Looking To New Partnerships
In June 2013 U Than Htay, Myanmar’s then energy minister, told Reuters that the China National Petroleum Company had spent $2bn on the gas pipeline, which was completed that month, and would spend $2.3bn on the oil pipeline, which was due to be completed later in 2013. The Daewoo-led consortium plans to invest $3.2bn and expects to produce 500m scfd of gas, according to OE Digital, a trade publication. About 80% of output will be exported. The gas pipeline was built with a larger capacity of 1.1bn scfd to accommodate future offshore discoveries or a potential addition of a liquid natural gas terminal.
The most recent major development, the Zawtika field was discovered by PTT in 2007 in a block southeast of Yadana. PTT is operator with an 80% stake to MOGE’s 20% under a 2003 PSC. The $2bn project is expected to produce 300m scfd, of which 80% will be exported to Thailand. Another 20% will be delivered domestically through a MOGE off-take pipeline. The project came on-line in March 2014. There were also two smaller but significant onshore gas finds north of Yangon in the 1990s: Shell discovered the Ahpyauk gas field in 1991, taken over by MOGE when Shell pulled out in 1993, and MOGE discovered the Nyaungdon gas field in 1999. Thanks to these finds Myanmar’s annual gas production surged from 60bn scf in the 1990s to 421bn scf in 2011, according to the US Energy Information Administration (EIA). Annual output is expected to reach 790bn scf by 2015 as Shwe and Zawtika ramp up production. By comparison, China produced 3.6trn scf in 2011, Indonesia 2.7trn, Malaysia 2.2trn, India 1.7trn, Thailand 1.3trn and Bangladesh 710m, according to the EIA.

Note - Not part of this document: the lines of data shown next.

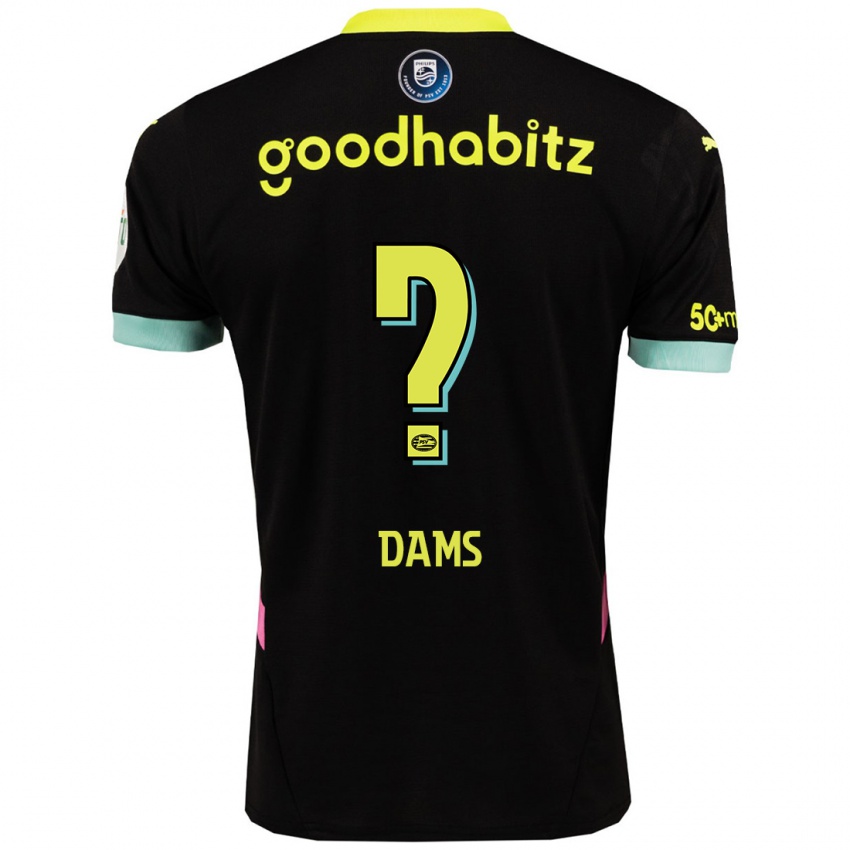 Dames Matteo Dams #0 Zwart Geel Uitshirt Uittenue 2024/25 T-Shirt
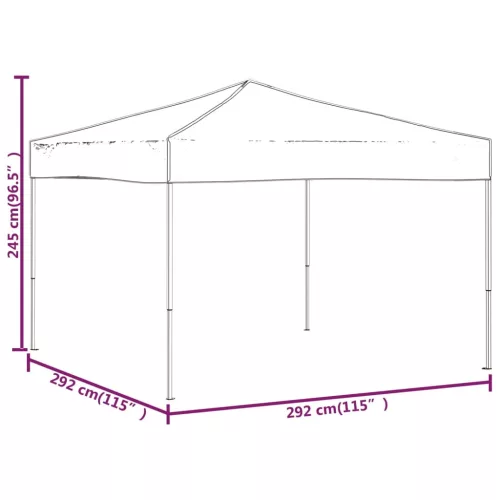 Fehér összecsukható partisátor 3 x 3 m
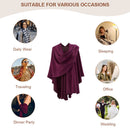 Elegant Cross Front Shawl Wrap Wine Red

Brunei Darussalam’s well-established energy companies and engineering and consulting firms, are well placed to take advantage of emerging opportunities in the region. Over the next 18 months other countries in the region may offer unique partnerships as the Sultanate ramps up downstream activities. The implementation of the ASEAN Economic Community in 2015 will also help to mitigate cross border risks, offering Bruneian companies a chance to participate in lucrative projects.